Thursday, August 9, 2012

On the matter of Baptism for the Dead - Harrowing of Hell

Up till yesterday, I haven't been able to see the value in the LDS practice of Baptism for the Dead, and in trying to learn how it figures so largely in the temple work, up to this point I have seen the one reference in the New Testament whereby Paul speaking to the Corinthians calls into comparison the practice of baptism for the dead, making the fact that such a ritual was a norm in that time and place apparent.   I thought it peculiar that an entire practice in these modern times could be based on a ritual of antiquity based on a quick reference verse in NT bible.  In my mind there was not strong enough reason for me to wish to involve myself in the practice, while respecting that the rite meant a great deal to the members who did observe it.

Another non-compelling reason for me to wish to include the 'temple experiences' as part of my own experience in Mormon faith practices.  Already on my list of not sure I even want to experience the temple is the compelling reason that the Church requires one to go through a temple recommend interview with the Bishop of the Ward.  Condition of being eligible to go into the temple is what is called being worthy.  Seriously objecting to that word and what it conveys, I was already greatly put off inasmuch as if a member is not considered 'worthy' then that may well mean the member is 'unworthy'.  I don't like the psychological messages that puts into people's minds.  As humans, it seems to me, we already have enough of a struggle in finding our worth without another condition being set upon us as in temple worthy or temple unworthy.
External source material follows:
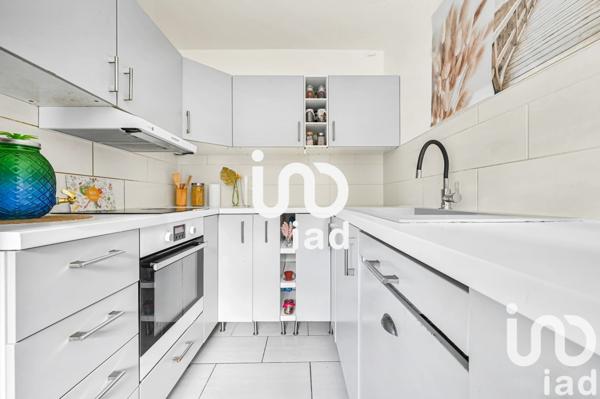 Appartement à vendre 4 pièces 82 m² Villiers-sur-Marne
I don't like how it feels to me.  An extension of the worthy concept as defined by the LDS Church includes a requirement to pay tithing.  That is another thought for another time, and to wrap it up, I don't like the idea of an enforced tithing as the means of contribution to the needs of the Church.

Enter Hugh W. Nibley with his thoughts on the matter, published in a transcript (online here) 'Baptism for the Dead in Ancient Times' at Neal A. Maxwell Institute for Religious Scholarship (a BYU component) with an in depth look at the practice.  I'm so ready to resist and as I continue to read encounter concepts familiar to me that I am hooked into reading the rest of the article, getting only about half way through it and I stop to tell my husband of my find, asking him if he knows much about Hugh Nibley, and suggesting to him that if he hasn't read this particular article, he might be interested in reading it given some of the concepts we have explored together in other venues.

What would that be?

-- mention of a Coptic papyrus found in 1895, purported to be account of teaching of Christ to his apostles after the resurrection in salvation for the dead.

-- mention of names familiar to me as early Christian scholars; Justin (a Christian convert), Clement of Alexandria, Ignatius, Irenaeus, Tertullian, St Augustine; Origen, Plato

-- involving people of the bible; Peter (of the Disciples); Matthew, Luke, Mark (of the NT); James; John; Moses; Elias; Abraham, Issac, Jacob, John the Baptist;

-- mention of concepts familiar to me; Gates of Hell; Satan; Devil; Prince of this world; medieval Easter Drama with Satan and Death; underworld; God as a Cloud; Nicaea; Nicene Creed;  Hades; Dante's Inferno (depiction of his concept of Hell); ransom; Jesus destroying death (or Death); apocryphal books (Apocrypha); gnosis; apostolic times; Apostles Creed

There is no need to reinterpret what Nibley has already put to word and reader can read the article (already linked above).   What this new way of looking at that which I disavowed has alerted me to a deeper exploration.  I am mindful of the young missionary who pointed out verses in New Testament of the renting of the veil upon death of Jesus on the cross and His descending into hell before ascending (harrowing of hell).

Today then upon further examination, I encountered NT verses actually using the term 'spirit prison' - a term used in LDS teachings that I have not heard in any of my other spiritual affiliations.  See NT- 1 Peter 3:19-20 and then see 1 Peter 4:6 and Ephesians 4: 8-10 and OT - Isaiah 24:21-22. 

Given that there is a fullness of body of beliefs predating the formation of the religion of Joseph Smith, it is not a belief that I would wish to discard without giving attention to it's formation and application.  And in that regard as I take off my holding shelf a look at the concept of baptism for the dead, I come to appreciate why it might be revered as biblical, as a practice that did occur and as something I deem worthy of further exploration on my part.

In appreciated respect for the artists of the antiquities portrayals of the Harrowing of Hell, iconography of the same, and how art influences my mind, it seems there is a chunk of early Christian history absent of my understanding.  Ahhh, the humility of it all.  And perhaps that is the holiness that comes down to incarnate in humankind in bringing each of us a deeply needed sense of humility at what we do not know, cannot know, and yet know we do not know.